Enthalpy's threads say it can be done: Solar Thermal Rocket Manned Mars Mission Non-Hohmann to Mars Here's a Delta-V map to get an idea of the scale of things: https://upload.wikimedia.org/wikipedia/commons/8/8f/Delta_V_Earth_Moon_Mars.png I like Enthalpy's idea of using STR (Solar Thermal Rocket) to spiral up from LEO. Maybe it was implied, but the manned capsule would not be aboard for the slow trip, it would rendez-vous with it at, say EML-1 where the ships dock and maybe refuel. Doing this would save a lot of launches compared to sending everything directly to EML-1. It seems high delta-V is key for fast transit which is required to keep Radiation exposure minimal since shielding so far requires very large mass which is difficult to move. This is where a STR or Nuclear Rocket or Electric Drive is important, though Musk's ITS also promises 80 to 150 days, but for a 2+ year stay using a Methane-Oxygen Rocket with 382s Isp. . "The transport capacity of the 2016 spaceship from low Earth orbit to a Mars trajectory—with a trans-Mars trajectory insertion energy gain of 6 km/s (3.7 mi/s) and full propellant tanks—was projected to be 450 tonnes (500 tons) to Mars orbit, or 300 tonnes (330 tons) landed on the surface with retropropulsive landing.[32] SpaceX estimated Earth-Mars transit times to vary between 80–150 days, depending on particular planetary alignments during the nine discrete 2020–2037 mission opportunities, assuming 6 km/s delta-v added at trans-Mars injection.[32]" https://en.wikipedia.org/wiki/Interplanetary_Transport_System#Passenger_spaceship From reference 32 above, SpaceX expects to burn off 8.5 km/s in atmosphere at Mars and 12.5 km/s at Earth, so aerobraking instead of deceleration. Given a hydrogen rocket Isp of 450s, higher speeds could be reached, and would require some deceleration, perhaps offset by the reduced mass of hydrogen? Maybe ~15% faster? Compare to the Nuclear mission in the previous post, SpaceX would take 90 days instead of 124 there and 206 back, though the nuclear short-stay mission is a greater distance... Hmmm.

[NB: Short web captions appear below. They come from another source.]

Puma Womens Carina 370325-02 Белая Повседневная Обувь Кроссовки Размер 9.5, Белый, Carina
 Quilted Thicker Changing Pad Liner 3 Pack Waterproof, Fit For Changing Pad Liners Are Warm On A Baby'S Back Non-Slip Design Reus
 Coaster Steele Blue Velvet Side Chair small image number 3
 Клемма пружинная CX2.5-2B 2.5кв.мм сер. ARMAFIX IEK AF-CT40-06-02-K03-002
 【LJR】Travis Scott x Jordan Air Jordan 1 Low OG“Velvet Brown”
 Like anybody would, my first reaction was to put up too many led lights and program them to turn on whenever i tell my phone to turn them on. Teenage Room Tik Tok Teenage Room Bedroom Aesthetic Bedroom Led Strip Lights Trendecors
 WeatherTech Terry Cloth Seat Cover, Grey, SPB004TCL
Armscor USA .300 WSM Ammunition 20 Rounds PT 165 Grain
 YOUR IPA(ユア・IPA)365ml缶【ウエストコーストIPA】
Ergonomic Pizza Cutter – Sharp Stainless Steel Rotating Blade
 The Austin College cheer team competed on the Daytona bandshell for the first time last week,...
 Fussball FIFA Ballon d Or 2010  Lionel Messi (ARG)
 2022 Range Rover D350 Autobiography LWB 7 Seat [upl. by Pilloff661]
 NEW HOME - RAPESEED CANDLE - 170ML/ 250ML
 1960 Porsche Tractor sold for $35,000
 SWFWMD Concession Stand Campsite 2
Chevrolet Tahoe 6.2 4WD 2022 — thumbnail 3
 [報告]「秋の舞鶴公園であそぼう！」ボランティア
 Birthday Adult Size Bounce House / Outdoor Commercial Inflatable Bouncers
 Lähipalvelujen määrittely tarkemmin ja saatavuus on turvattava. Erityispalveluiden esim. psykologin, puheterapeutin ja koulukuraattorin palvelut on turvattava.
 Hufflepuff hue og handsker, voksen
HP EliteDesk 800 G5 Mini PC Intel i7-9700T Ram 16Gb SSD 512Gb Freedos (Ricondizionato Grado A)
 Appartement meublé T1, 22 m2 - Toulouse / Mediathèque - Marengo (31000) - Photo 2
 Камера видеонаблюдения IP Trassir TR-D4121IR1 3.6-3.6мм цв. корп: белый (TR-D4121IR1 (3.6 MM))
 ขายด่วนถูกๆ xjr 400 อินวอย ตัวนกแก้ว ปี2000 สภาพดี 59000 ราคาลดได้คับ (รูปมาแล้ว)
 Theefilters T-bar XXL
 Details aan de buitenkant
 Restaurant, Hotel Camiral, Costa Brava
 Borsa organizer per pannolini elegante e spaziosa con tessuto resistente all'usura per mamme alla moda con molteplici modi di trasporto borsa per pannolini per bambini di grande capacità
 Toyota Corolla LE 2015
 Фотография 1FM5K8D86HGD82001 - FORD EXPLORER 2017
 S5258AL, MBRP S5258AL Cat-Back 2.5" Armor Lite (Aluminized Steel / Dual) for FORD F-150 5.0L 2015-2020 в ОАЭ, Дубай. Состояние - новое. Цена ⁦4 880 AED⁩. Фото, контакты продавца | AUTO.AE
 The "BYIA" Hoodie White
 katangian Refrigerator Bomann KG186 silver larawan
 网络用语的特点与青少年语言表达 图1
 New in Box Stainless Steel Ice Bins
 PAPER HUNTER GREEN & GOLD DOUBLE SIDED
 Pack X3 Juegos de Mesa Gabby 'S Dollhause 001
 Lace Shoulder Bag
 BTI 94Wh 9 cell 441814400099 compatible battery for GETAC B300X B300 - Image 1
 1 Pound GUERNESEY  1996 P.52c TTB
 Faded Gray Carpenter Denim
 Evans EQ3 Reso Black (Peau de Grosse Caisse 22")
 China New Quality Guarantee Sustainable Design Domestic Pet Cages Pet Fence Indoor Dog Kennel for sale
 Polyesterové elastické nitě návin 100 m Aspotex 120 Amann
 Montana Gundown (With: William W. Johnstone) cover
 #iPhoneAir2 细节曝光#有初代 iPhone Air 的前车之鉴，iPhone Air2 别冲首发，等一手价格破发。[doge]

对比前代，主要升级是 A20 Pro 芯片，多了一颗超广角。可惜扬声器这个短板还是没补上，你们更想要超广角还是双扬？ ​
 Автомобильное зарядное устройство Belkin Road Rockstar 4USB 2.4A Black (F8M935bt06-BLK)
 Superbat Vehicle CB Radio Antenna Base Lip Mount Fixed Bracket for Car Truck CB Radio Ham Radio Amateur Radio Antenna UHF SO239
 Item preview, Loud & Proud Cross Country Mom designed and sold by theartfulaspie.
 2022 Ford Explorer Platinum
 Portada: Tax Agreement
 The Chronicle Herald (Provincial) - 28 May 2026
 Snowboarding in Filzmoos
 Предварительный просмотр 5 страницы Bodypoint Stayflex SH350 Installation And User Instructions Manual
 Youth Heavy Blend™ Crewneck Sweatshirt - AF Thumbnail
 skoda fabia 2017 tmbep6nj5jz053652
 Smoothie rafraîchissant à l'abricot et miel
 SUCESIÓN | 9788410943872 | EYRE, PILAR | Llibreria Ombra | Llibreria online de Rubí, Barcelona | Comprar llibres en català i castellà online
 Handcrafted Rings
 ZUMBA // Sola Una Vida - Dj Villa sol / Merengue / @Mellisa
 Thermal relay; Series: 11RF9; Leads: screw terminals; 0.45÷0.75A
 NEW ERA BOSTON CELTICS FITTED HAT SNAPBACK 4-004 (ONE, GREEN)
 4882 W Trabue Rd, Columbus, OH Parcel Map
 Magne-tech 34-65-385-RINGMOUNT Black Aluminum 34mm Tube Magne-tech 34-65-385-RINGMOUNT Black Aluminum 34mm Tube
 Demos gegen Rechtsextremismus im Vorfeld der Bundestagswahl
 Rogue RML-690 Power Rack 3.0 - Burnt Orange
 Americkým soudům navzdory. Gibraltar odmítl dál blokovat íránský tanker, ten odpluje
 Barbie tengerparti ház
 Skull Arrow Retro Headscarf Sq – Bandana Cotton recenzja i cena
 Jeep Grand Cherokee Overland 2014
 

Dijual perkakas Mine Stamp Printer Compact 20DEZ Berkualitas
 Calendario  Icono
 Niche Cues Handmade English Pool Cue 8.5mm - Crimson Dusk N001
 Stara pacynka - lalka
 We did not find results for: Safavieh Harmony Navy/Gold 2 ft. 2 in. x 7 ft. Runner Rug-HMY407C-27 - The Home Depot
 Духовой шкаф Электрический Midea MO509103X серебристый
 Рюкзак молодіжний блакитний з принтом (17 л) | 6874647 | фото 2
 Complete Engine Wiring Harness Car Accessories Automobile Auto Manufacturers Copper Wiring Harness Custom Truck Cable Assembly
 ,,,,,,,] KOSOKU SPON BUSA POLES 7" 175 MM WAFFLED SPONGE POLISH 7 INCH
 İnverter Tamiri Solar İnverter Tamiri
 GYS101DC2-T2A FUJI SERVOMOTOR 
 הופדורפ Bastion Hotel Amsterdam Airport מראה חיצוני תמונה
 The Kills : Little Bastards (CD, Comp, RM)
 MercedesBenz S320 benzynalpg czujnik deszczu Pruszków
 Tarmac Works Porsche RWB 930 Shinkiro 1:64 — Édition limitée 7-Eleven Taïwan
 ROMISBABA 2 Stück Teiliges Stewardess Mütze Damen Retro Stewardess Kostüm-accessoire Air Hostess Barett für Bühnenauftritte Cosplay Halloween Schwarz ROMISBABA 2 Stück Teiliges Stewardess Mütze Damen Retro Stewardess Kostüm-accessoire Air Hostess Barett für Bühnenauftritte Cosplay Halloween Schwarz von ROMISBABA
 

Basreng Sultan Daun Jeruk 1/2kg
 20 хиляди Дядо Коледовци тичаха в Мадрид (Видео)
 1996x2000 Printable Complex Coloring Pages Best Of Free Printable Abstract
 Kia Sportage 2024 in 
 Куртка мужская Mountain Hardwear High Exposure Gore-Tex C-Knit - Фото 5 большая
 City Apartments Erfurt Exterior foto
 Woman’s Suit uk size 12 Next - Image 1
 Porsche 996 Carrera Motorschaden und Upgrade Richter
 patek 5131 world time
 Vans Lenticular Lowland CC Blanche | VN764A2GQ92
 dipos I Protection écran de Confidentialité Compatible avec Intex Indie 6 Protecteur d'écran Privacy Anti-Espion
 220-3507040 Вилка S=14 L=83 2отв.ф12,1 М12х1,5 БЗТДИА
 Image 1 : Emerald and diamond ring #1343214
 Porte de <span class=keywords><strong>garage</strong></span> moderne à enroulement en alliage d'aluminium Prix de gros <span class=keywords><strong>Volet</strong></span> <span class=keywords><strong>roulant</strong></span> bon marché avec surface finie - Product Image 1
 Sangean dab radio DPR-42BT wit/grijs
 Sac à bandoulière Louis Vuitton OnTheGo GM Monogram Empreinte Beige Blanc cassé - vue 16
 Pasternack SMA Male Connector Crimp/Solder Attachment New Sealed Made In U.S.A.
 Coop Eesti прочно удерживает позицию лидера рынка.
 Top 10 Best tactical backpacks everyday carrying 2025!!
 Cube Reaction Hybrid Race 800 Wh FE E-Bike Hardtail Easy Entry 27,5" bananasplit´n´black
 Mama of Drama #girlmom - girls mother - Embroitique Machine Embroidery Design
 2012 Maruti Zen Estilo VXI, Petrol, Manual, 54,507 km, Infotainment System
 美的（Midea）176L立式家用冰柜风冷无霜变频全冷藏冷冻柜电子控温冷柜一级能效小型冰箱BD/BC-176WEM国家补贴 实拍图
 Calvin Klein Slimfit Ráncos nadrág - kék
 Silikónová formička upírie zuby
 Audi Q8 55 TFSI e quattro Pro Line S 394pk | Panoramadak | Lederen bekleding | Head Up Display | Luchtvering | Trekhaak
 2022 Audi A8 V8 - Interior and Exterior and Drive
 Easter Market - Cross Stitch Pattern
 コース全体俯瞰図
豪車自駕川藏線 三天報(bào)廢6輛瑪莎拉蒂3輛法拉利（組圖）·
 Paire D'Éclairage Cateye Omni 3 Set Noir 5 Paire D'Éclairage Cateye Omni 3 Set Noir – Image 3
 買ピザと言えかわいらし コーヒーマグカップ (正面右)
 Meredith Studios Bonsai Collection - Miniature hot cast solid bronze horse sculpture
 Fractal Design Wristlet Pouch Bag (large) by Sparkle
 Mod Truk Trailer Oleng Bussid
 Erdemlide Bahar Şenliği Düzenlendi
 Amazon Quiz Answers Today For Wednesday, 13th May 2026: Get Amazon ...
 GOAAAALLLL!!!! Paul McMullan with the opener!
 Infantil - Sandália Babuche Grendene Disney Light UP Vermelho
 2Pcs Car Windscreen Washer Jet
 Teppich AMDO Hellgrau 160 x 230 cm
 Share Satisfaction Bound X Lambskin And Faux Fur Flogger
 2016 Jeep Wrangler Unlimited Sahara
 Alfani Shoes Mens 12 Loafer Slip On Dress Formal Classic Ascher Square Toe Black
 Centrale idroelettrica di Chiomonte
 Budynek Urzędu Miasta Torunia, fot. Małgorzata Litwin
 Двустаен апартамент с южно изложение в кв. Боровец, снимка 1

One year roundtrip, 30 day stay to Mars. Is it possible with solar thermal engines instead of nuclear thermal? https://ntrs.nasa.gov/archive/nasa/casi.ntrs.nasa.gov/20140009587.pdf We can assume Earth and Mars capture orbits for the solar thermal part and chemical rocket to and from capture orbits. Perhaps with slower unmanned propellant drop missions ahead of mission if necessary.